Went out to Sykes for some Spanish mackerel but didn't catch any but instead saw some small mangs hanging around the octagon pier. Decided to watch them and throw some shrimp pieces and saw some nice keeper size mangs will post pictures. Managed one and three break offs due to self mistakes.


----------



## RandyGuy (Dec 20, 2014)

Okay ended the day with only 3 Mangs not bad ranging from 13" to 14". Had fun fighting them and learned from my mistakes.
Set up used today was my trusty and favorite Okuma Safina Pro combo 7 ft
Spooled with 12 lb Berkley big game green.
15 lb leader about 3.5' - 4' with a big split shot using a #4 - #2 circle hook.


----------



## Emerald Ghost (Mar 11, 2008)

pictures.


----------



## RandyGuy (Dec 20, 2014)

Here's the picture.


----------



## FishinFool (Oct 2, 2007)

Nice! :thumbsup:


----------



## WAReilly (Jun 2, 2014)

Fine supper right there.


----------



## yukondog (Feb 12, 2013)

Is the octagon pier just before you get on Bob Sykes?


----------



## kilroy1117 (Mar 11, 2013)

Yeah I think the octagon is basically the pcola side of Sykes.


----------



## yukondog (Feb 12, 2013)

Going to try the octagon pier tomorrow then hit the bridge about sunset, is the red fishing any good there? Those mangs.

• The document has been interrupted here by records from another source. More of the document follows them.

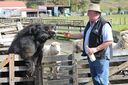 Captain the pig. Woolworld Te Awanga. Shearing demos too.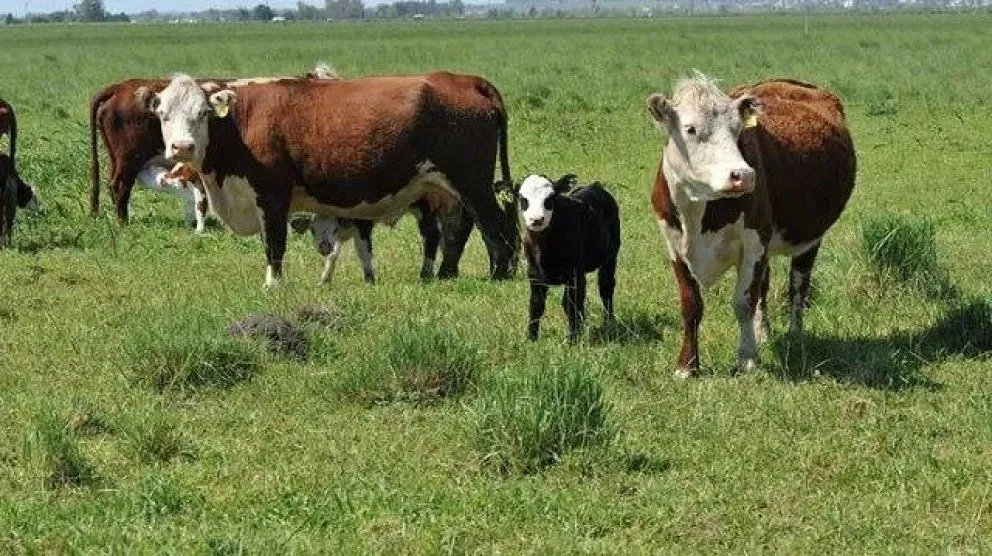 Hacienda en pie en Río Negro. Foto archivo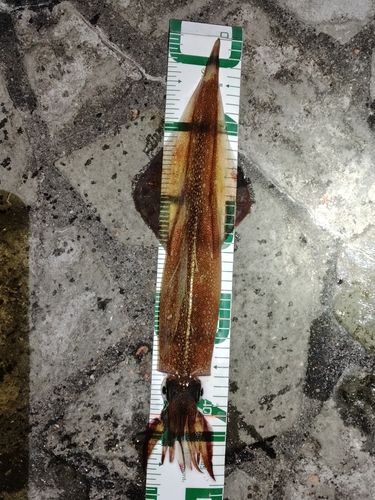 ヤリイカの釣果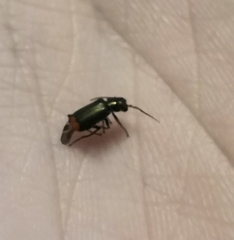 Malachius bipustulatus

I would like to get a mess of, I use to spear them about 35-40 yrs. ago snorkeling with a Hawaiian sling and catch them along a seawall on Pine Island when I was young.


----------



## Burnin' Daylight (Jun 21, 2013)

Nice fish randy!


----------



## RandyGuy (Dec 20, 2014)

I might hit the pier tomorrow if I don't have to work or Tuesday.


----------



## RandyGuy (Dec 20, 2014)

No snapper but blue runner's, pinfish and sharks.


----------



## t2khonda (Apr 11, 2015)

Nice....


----------



## dan111213 (Jun 29, 2011)

*mangs*

doesn't an octagon have 8 sides to it? and i think it is on the gulf breeze side since santa rosa cty is before pcola bch side.


----------



## RandyGuy (Dec 20, 2014)

Yes Dan it is on the gulf breeze side If you Google Earth Bob Sykes you will see the small pier.


----------